Dove erano, quando questo progetto veniva sviluppato, agronomi, alimentaristi e veterinari che operino in coscienza rispettando la fisiologia delle bovine da latte? Dov’è oggi la naturalità del prodotto quando la scienza e la ricerca non trattano il ruminante come un erbivoro bensì come un onnivoro (l’allusione è agli insilati di mais e all’unifeed, ndr)?
Quanto valgono i termini autoelogiativi spesi in questo caso per presentare un proprio prodotto al mercato? Se “migliore” e “qualità” sono qui utilizzati a piene mani, cosa useremo per descrivere domani i formaggi d’alpeggio, fatti da sola erba? E poi, se vorremo confrontare i valori nutrizionali di formaggi fatti industrialmente con quelli che nascono da Pro Caseus, vi troveremo forse più betacarotene, più Omega3, più Cla (Acido Linoleico Coniugato) rispetto ai formaggi di animali al pascolo? No, di certo no.
Giornalisti ed editori: dov’è la vostra credibilità?
Allora si sveglino certi personaggi (pensiamo sì ai giornalisti, ma anche a chi fornisce loro le notizie) oggi toppo intenti a guardarsi dita e ombelichi (i propri e quelli di chi ha il potere di mostrarsi loro) e vadano a vivere una transumanza, a provare le fatiche e i valori di chi non ha voce ma ancora produce sì qualità, sì naturalità, sì benessere. Senza l’ossessione del business, dei fatturati, dei record produttivi ma magari con un po’ (e anche tanta) di attenzione in più (senza esservi costretti, com altri oggi sono) per il rispetto degli animali, per la biodiversità e la sostenibilità ambientale. L’immagine che quei pastori e vaccari evocano in noi è quella della malga, del pascolo, dell’erba, non certo delle monocolture di mais, della soia importata e della deforestazione che – inquietanti oggi come mai prima – sono alle spalle della zootecnia intensiva.

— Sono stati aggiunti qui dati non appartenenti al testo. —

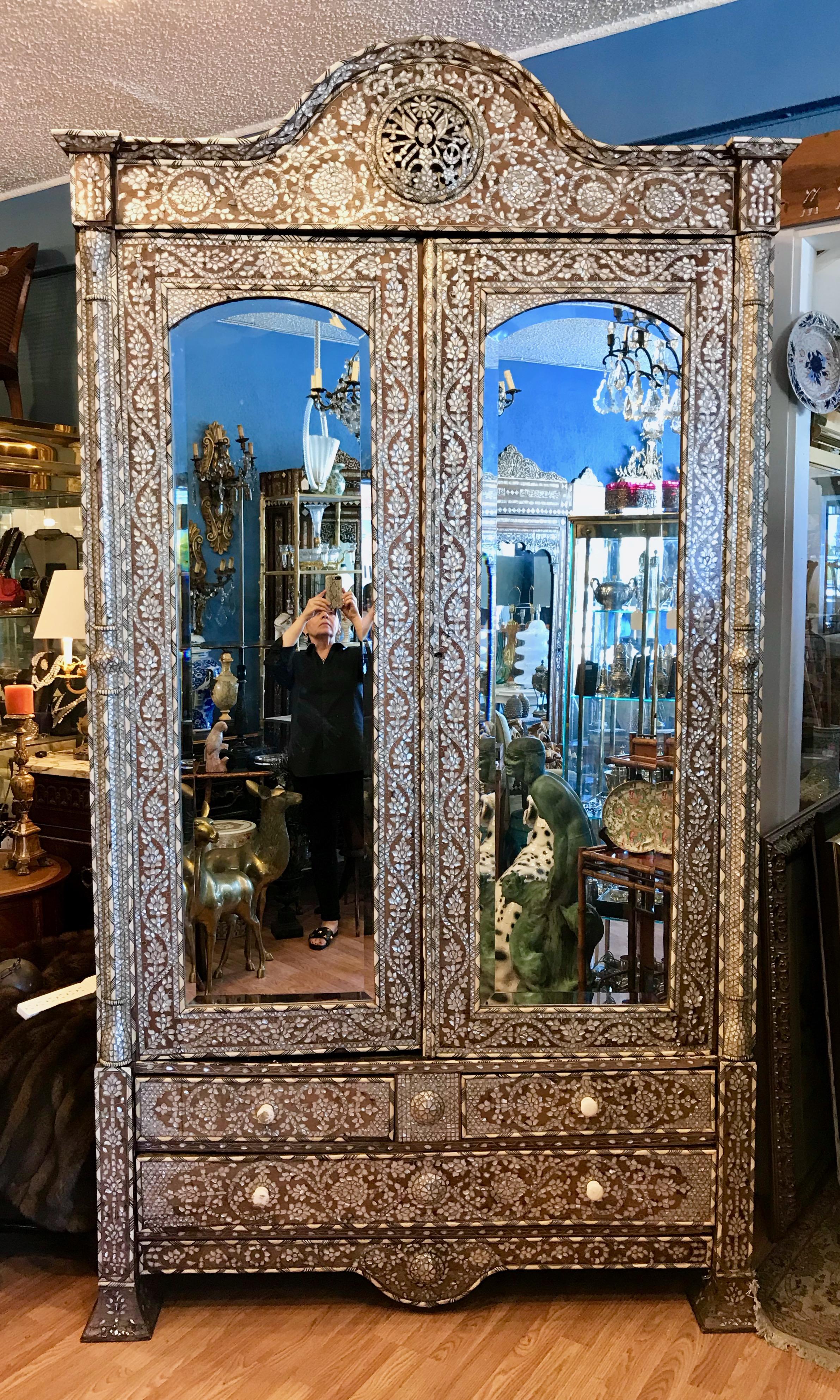 The finest quality ! Absolutely stunning ! 
Fashioned with intricate inlays of mother of pearl surrounded 
by metals inlays. The piece is in a remarkable state of preservation.
The interior is fitted with removable shelving unit - preserving the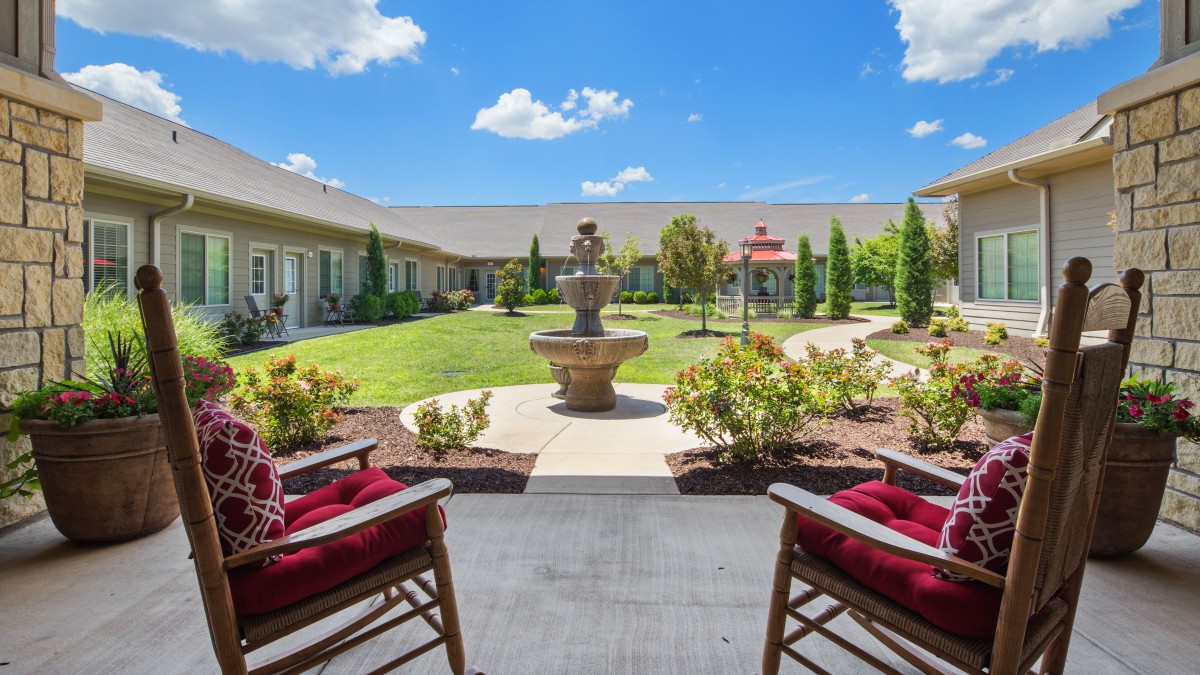 A sunny courtyard featuring a central fountain, surrounded by a neatly manicured garden and two red-cushioned chairs.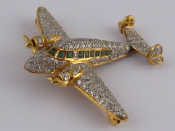 Appraisal: A pave set gold diamond and emerald brooch designed as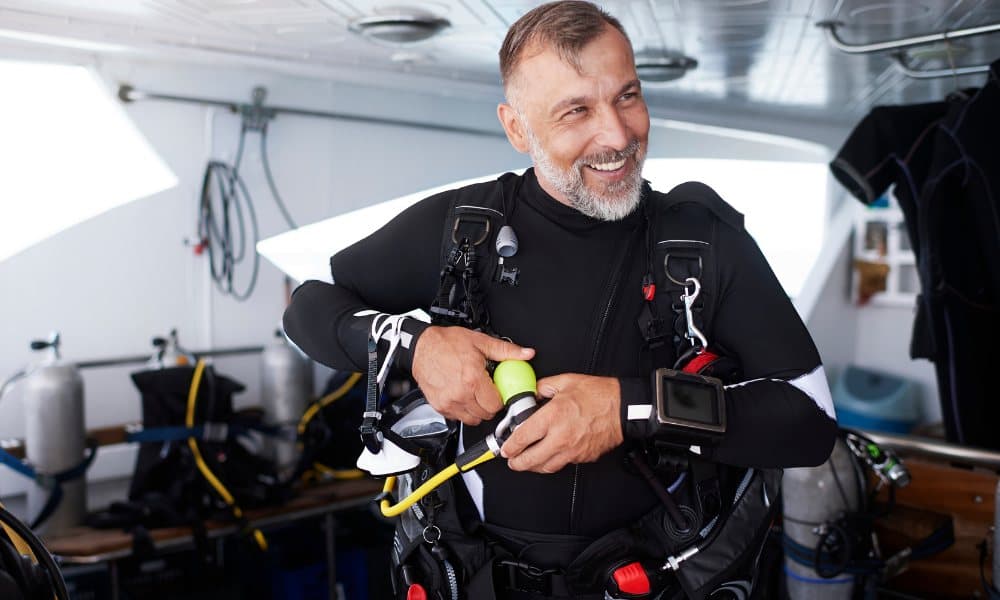 A smiling diver in a wetsuit checks his kit on a dive boat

La transizione ecologica è nell’agenda della politica mondiale e con essa ci sono la transizione agricola e alimentare. Ricordiamo a tutta questa gente, che oggi ci racconta il business del mero profitto, e che quello asserve – giornalisti in prima fila – che il futuro ci chiede – senza possibilità di tergiversare di un giorno – un cambio totale di registro. E che l’attenzione d’ora in avanti dovrà essere prestata non ai record di produttività – di cui non ci importa nulla – ma al futuro del pianeta, che ci sta molto a cuore.